From the line containing "Příslušenství pro troubu" through the last line of the records below, each line is to be repeated exactly; pictures are to be omitted.

__________________________________________________

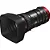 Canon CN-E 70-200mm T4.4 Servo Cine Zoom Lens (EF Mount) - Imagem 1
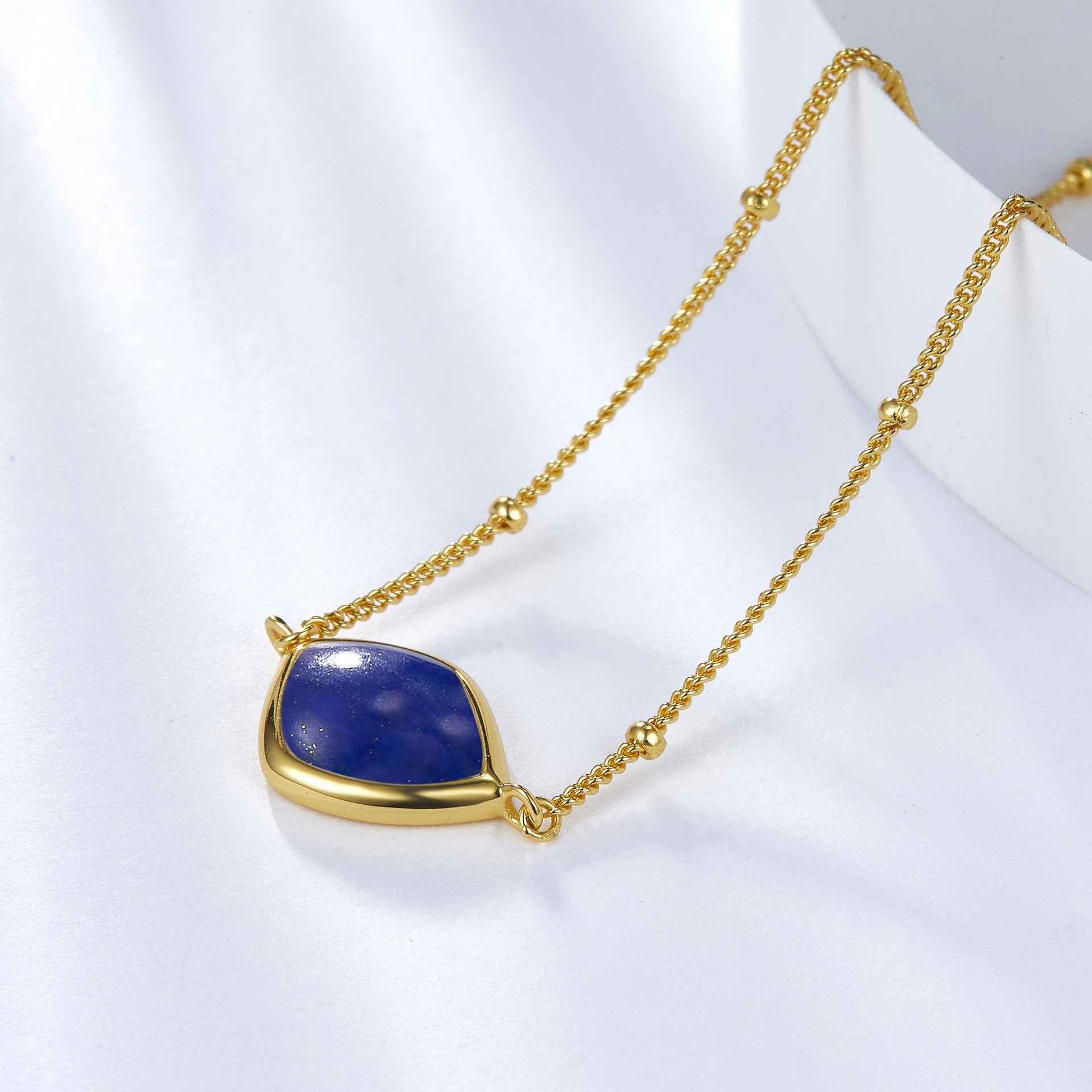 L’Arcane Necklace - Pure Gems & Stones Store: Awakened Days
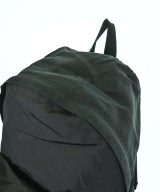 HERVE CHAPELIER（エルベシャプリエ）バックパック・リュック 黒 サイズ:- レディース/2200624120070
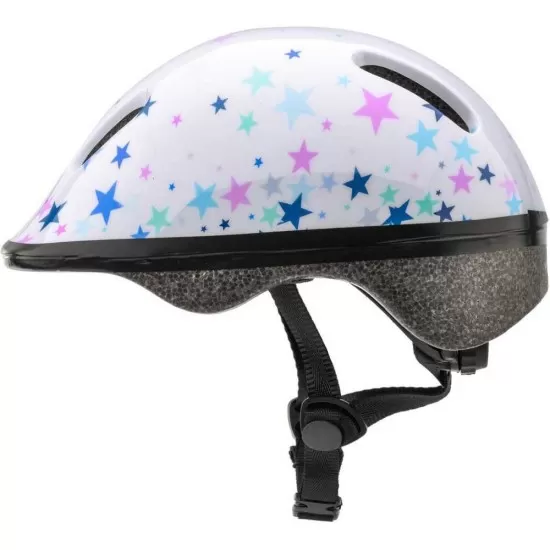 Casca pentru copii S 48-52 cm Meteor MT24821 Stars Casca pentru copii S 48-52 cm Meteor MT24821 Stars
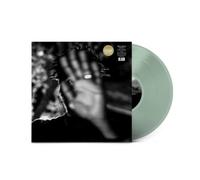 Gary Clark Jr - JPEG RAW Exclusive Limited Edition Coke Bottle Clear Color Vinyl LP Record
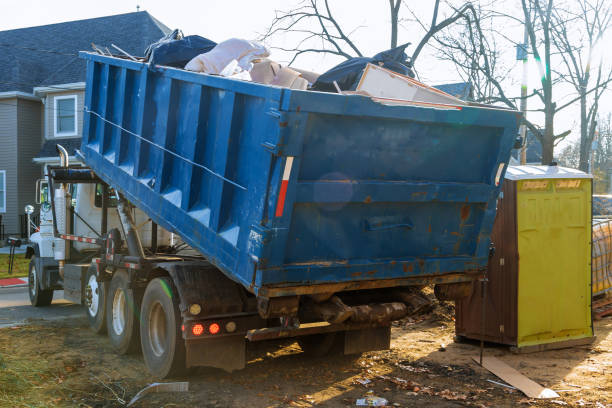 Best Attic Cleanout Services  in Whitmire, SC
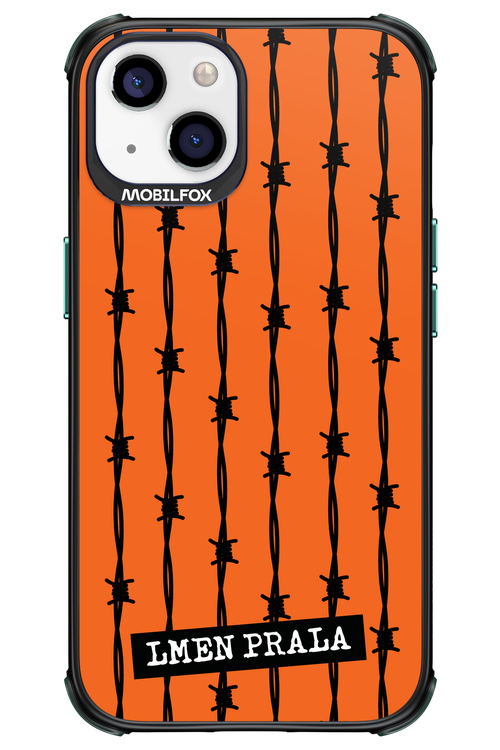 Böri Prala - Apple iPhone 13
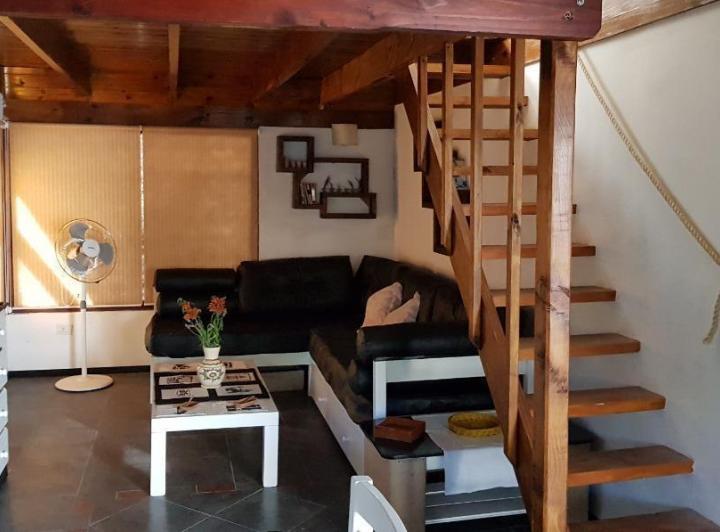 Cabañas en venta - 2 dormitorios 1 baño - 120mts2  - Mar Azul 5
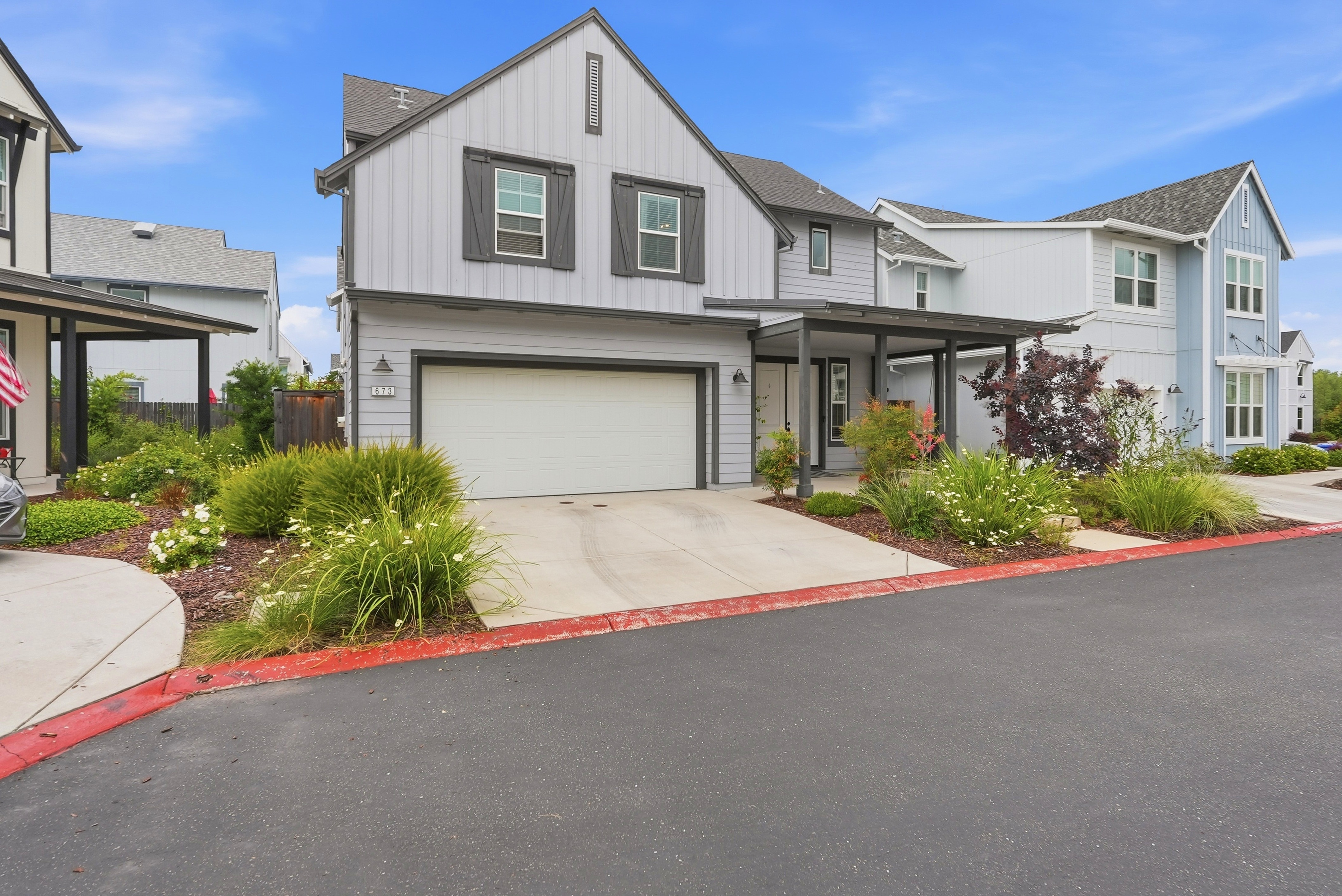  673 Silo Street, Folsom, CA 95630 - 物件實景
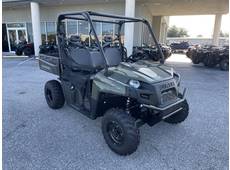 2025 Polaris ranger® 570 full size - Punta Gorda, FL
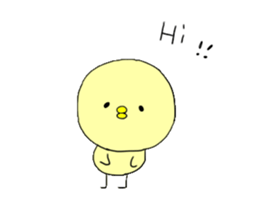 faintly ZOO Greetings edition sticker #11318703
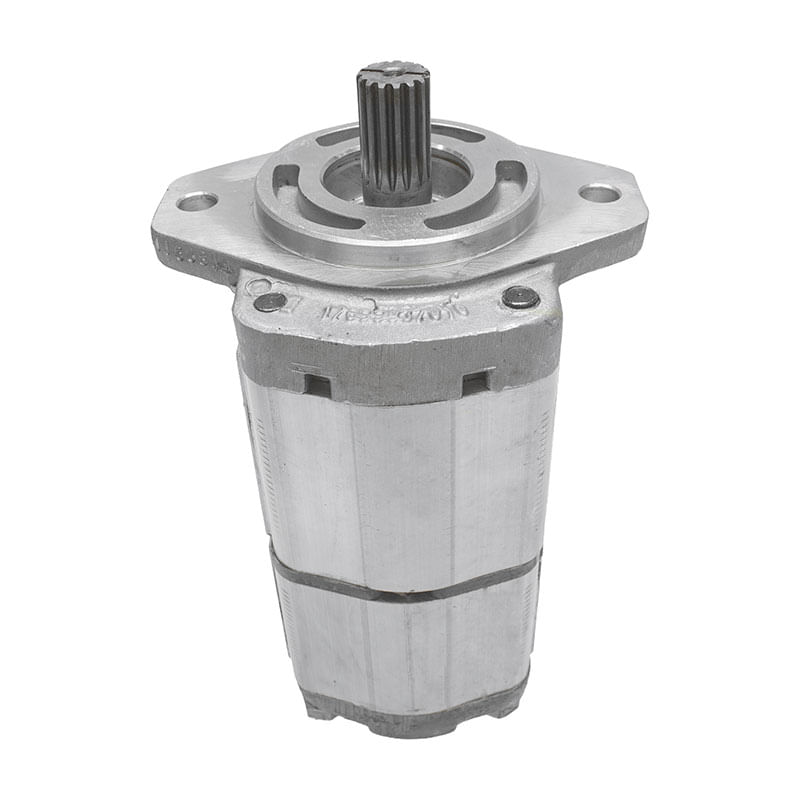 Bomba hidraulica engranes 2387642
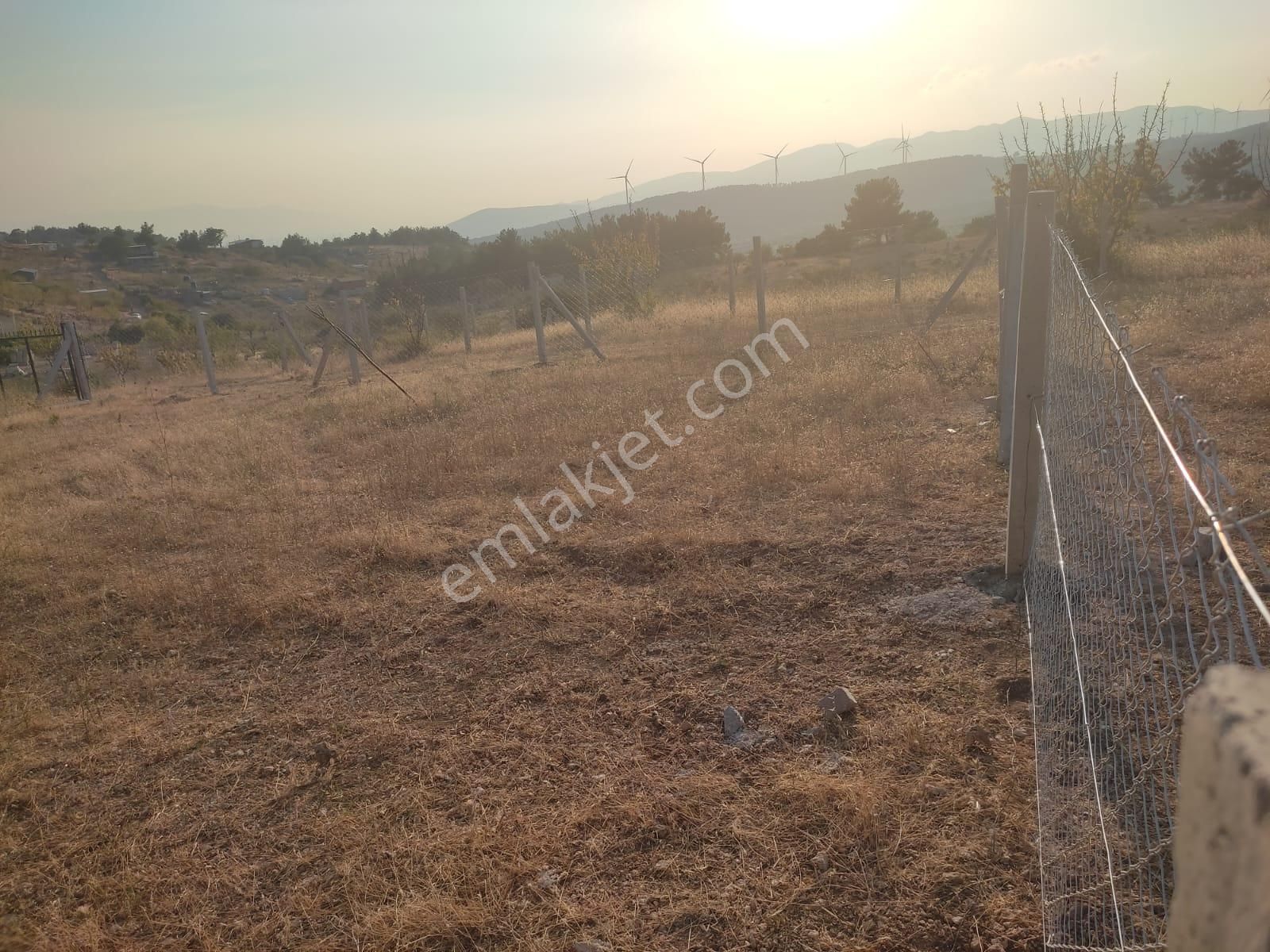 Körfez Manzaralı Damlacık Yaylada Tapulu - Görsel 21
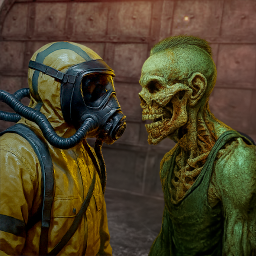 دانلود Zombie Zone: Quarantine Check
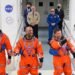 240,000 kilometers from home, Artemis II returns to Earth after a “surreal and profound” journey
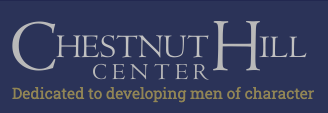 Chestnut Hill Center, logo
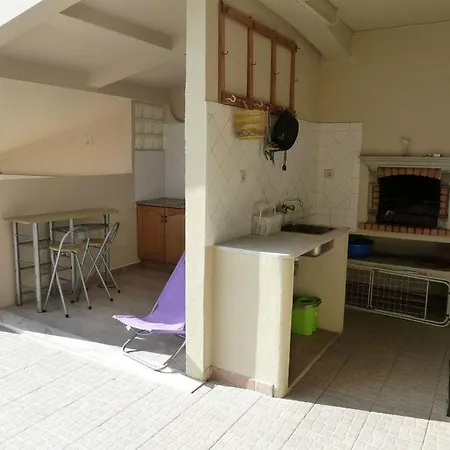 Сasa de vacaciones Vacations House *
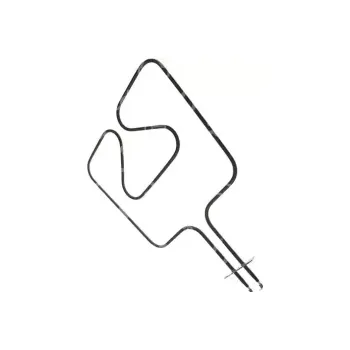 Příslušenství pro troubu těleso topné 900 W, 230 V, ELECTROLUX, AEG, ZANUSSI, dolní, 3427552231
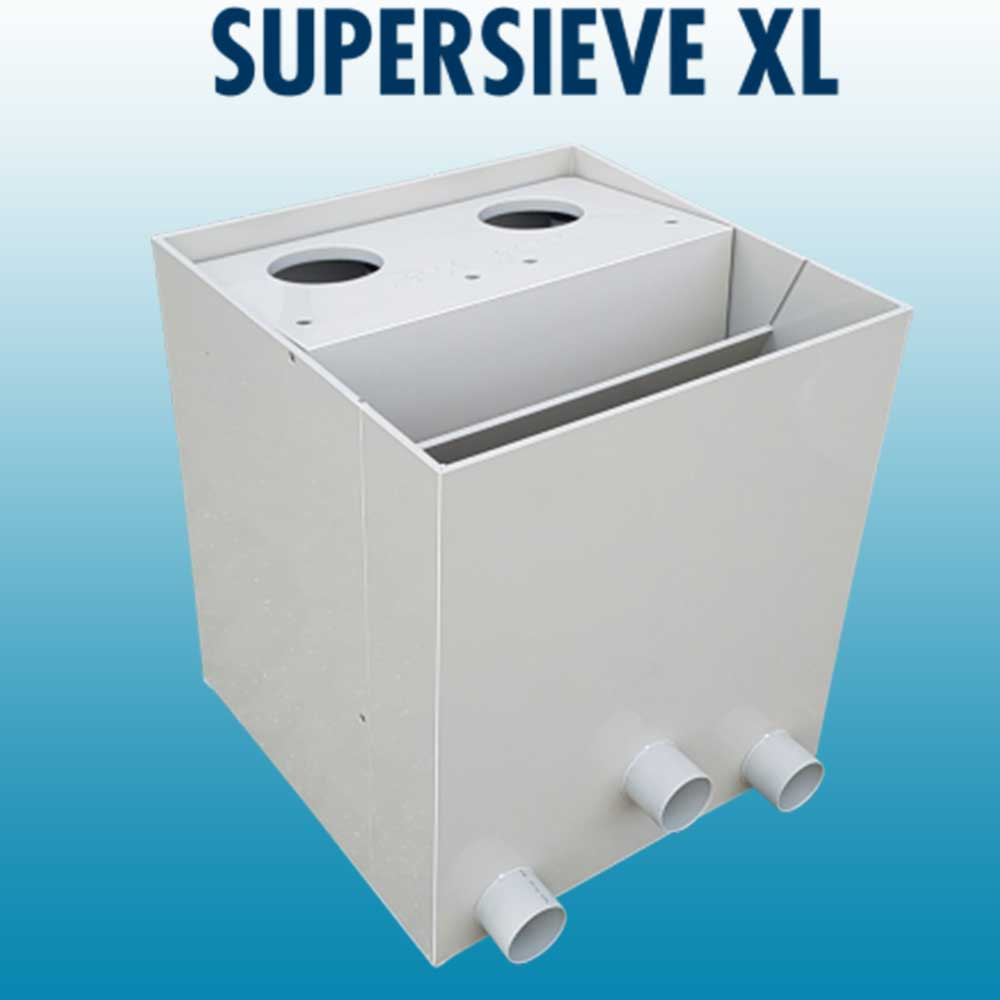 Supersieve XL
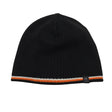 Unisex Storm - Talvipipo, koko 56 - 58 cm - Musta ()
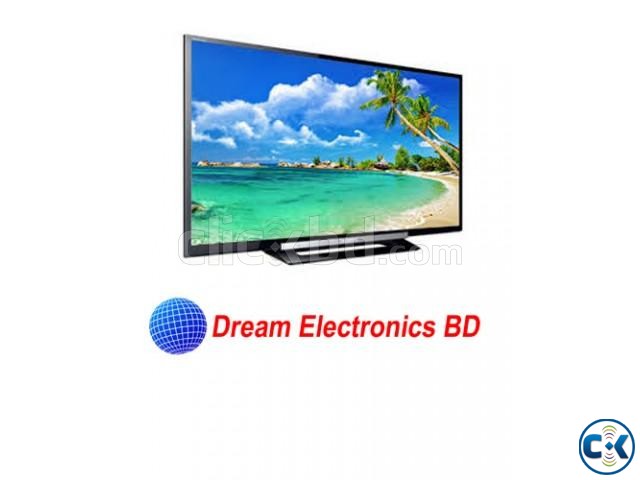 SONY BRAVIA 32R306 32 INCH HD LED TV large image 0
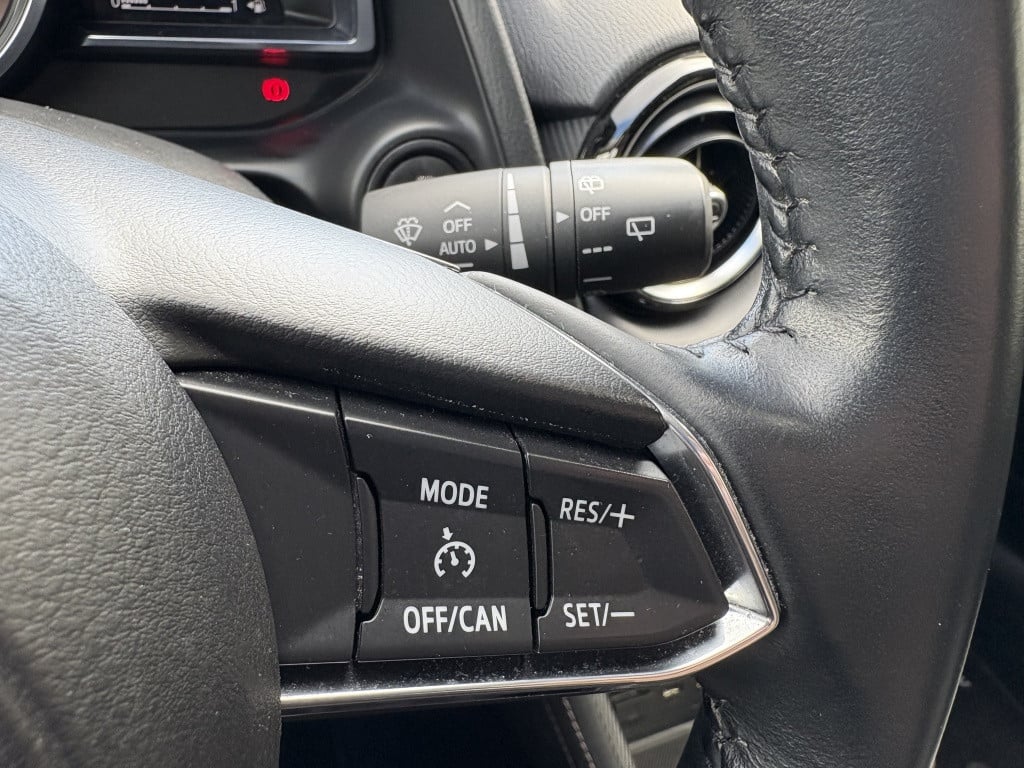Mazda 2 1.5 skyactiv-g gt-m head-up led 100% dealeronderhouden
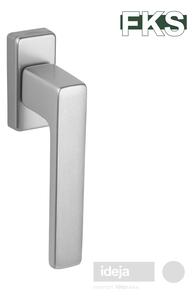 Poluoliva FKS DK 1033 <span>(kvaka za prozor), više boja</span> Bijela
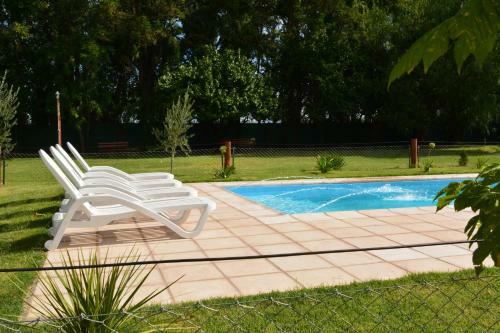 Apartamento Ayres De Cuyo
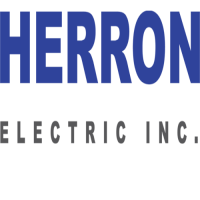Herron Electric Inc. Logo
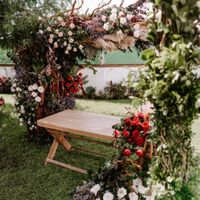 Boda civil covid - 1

__________________________________________________

### EXERCISE OUTPUT:
 Příslušenství pro troubu těleso topné 900 W, 230 V, ELECTROLUX, AEG, ZANUSSI, dolní, 3427552231
 Supersieve XL
 Unisex Storm - Talvipipo, koko 56 - 58 cm - Musta ()
 SONY BRAVIA 32R306 32 INCH HD LED TV large image 0
Mazda 2 1.5 skyactiv-g gt-m head-up led 100% dealeronderhouden
 Poluoliva FKS DK 1033 <span>(kvaka za prozor), više boja</span> Bijela
 Apartamento Ayres De Cuyo
Herron Electric Inc. Logo
 Boda civil covid - 1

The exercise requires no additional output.